Records provided:
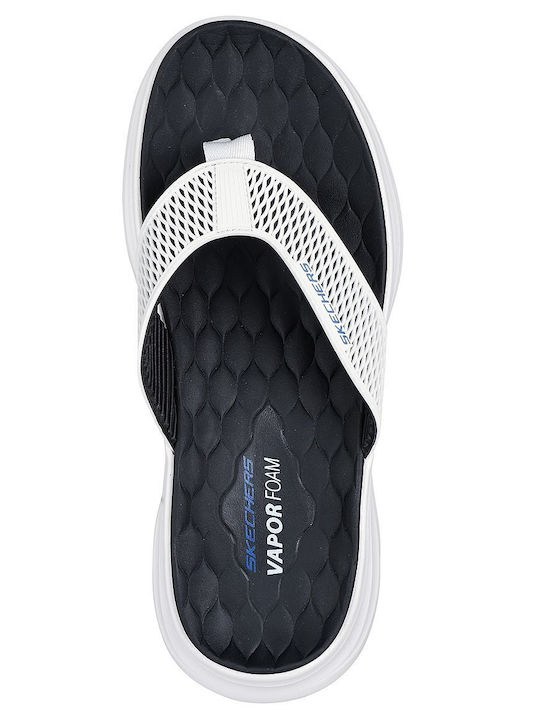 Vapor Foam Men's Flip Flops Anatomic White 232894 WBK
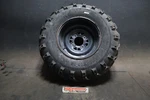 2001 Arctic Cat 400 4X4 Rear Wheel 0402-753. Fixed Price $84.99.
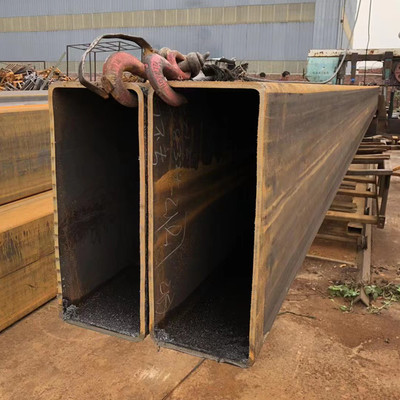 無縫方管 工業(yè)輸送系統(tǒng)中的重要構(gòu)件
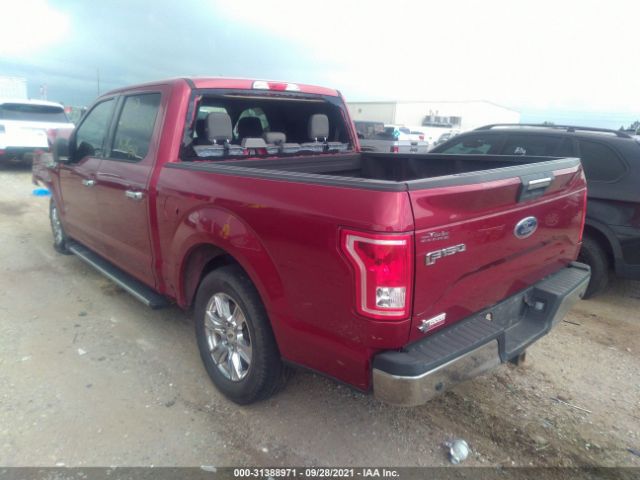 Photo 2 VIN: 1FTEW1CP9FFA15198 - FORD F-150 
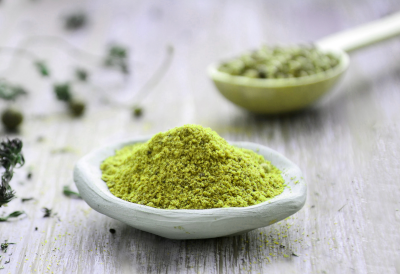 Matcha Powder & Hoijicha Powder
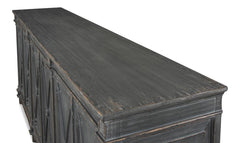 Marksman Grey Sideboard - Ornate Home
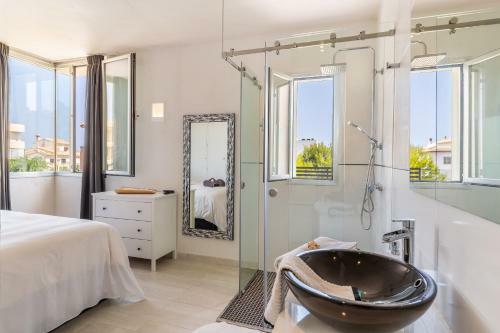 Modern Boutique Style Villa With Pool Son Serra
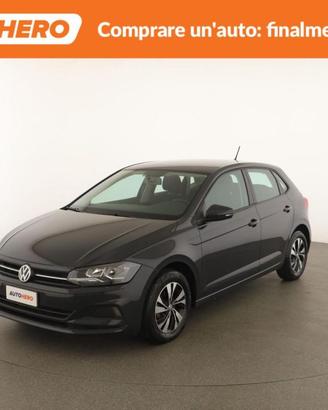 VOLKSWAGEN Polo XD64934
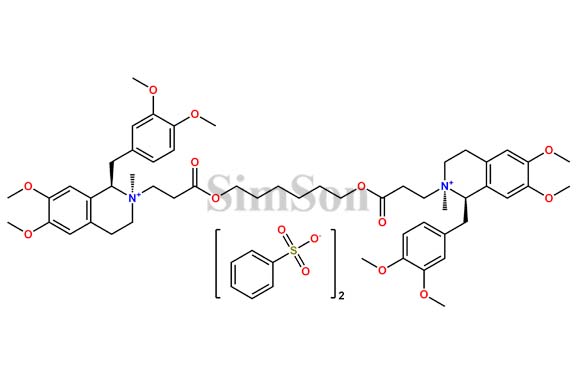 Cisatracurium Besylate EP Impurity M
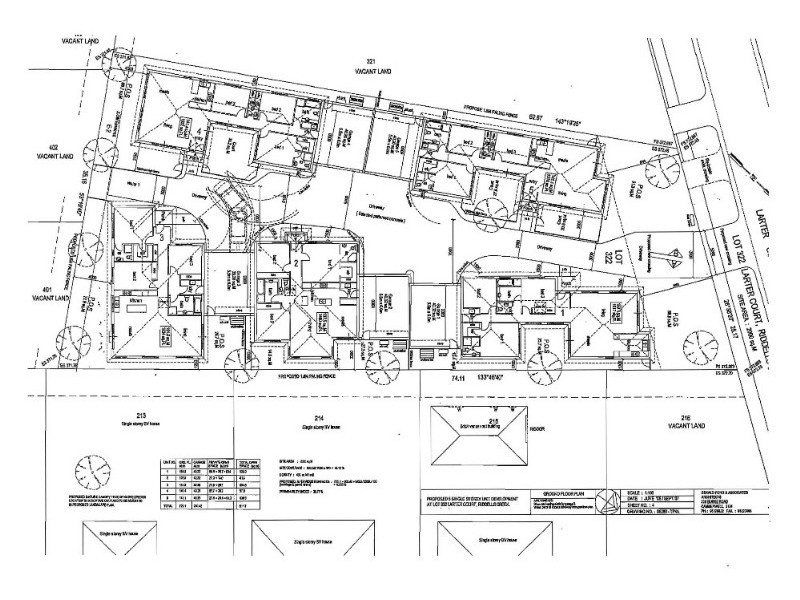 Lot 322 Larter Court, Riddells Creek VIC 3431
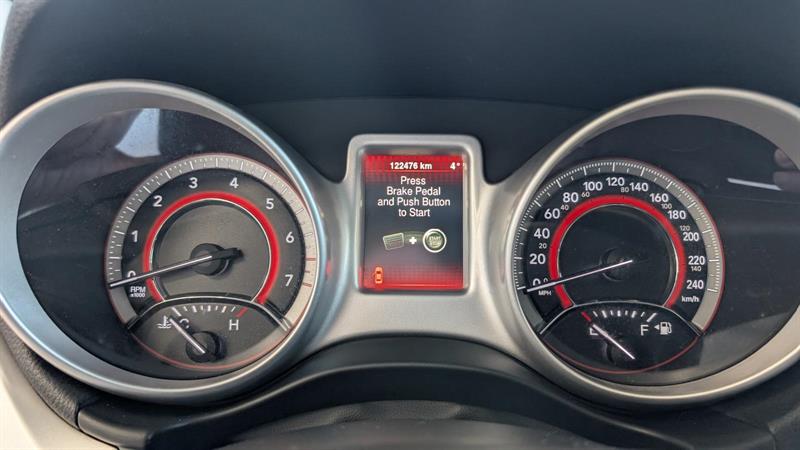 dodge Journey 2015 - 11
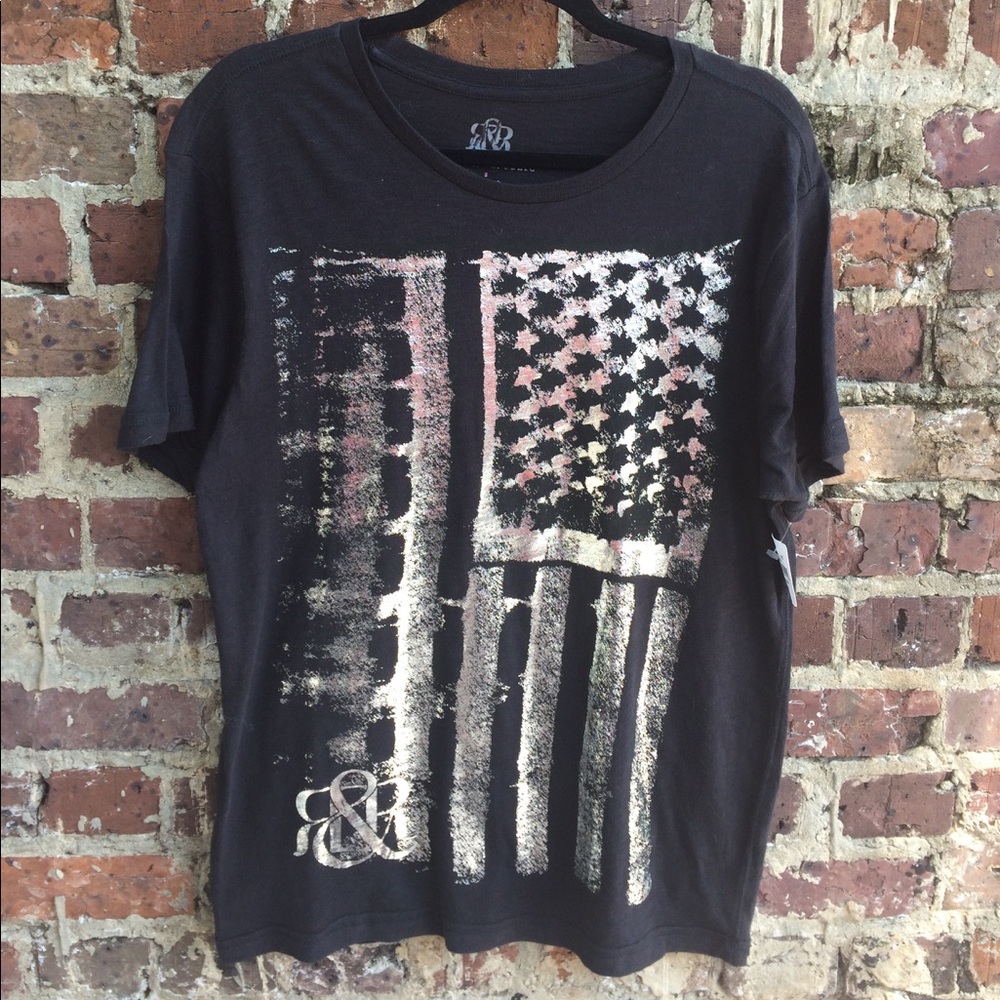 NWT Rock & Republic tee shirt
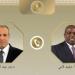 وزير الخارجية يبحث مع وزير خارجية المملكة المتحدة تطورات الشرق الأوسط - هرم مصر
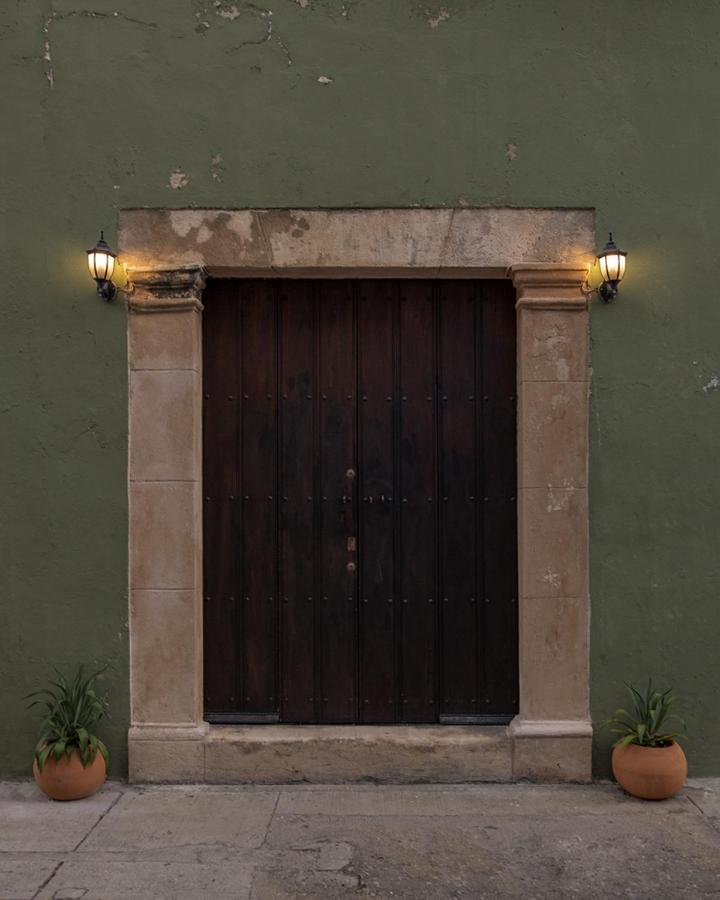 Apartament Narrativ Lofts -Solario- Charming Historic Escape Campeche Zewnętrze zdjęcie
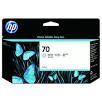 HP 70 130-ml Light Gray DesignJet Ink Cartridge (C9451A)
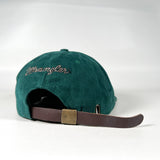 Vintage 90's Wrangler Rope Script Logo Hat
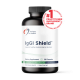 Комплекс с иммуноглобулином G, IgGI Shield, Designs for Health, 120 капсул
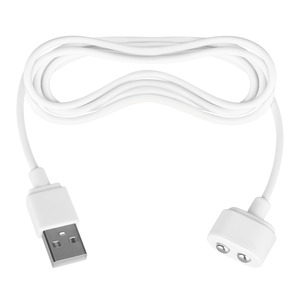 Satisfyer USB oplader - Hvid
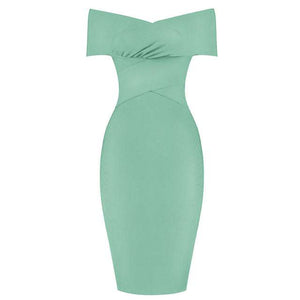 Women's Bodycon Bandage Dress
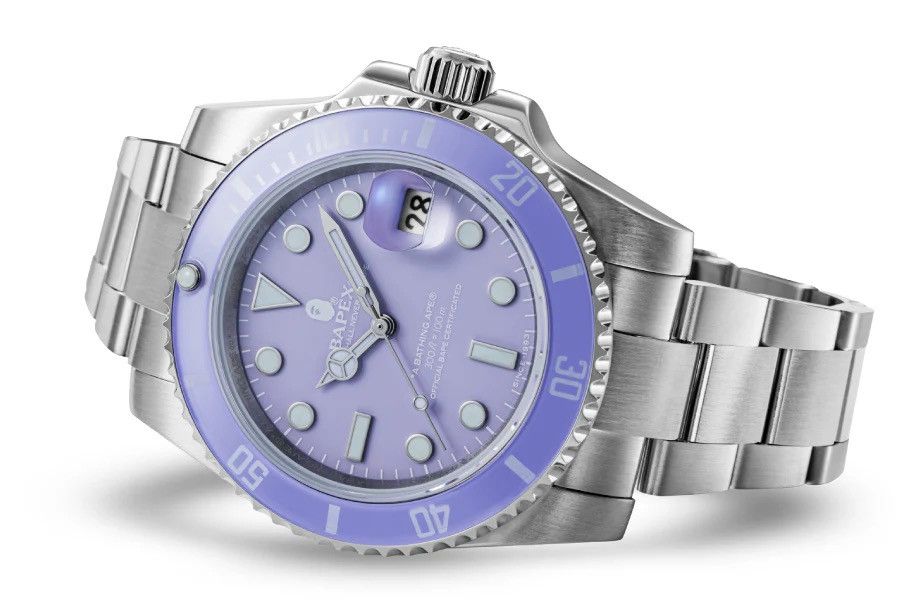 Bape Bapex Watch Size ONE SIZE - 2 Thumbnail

What is required: Copy word for word the lines of the records above from the one with "VOLKSWAGEN Polo XD64934" up to and including the one with "Apartament Narrativ Lofts". Skip the pictures.

Result of the exercise:
 VOLKSWAGEN Polo XD64934
 Cisatracurium Besylate EP Impurity M
 Lot 322 Larter Court, Riddells Creek VIC 3431
 dodge Journey 2015 - 11
 NWT Rock & Republic tee shirt
 وزير الخارجية يبحث مع وزير خارجية المملكة المتحدة تطورات الشرق الأوسط - هرم مصر
 Apartament Narrativ Lofts -Solario- Charming Historic Escape Campeche Zewnętrze zdjęcie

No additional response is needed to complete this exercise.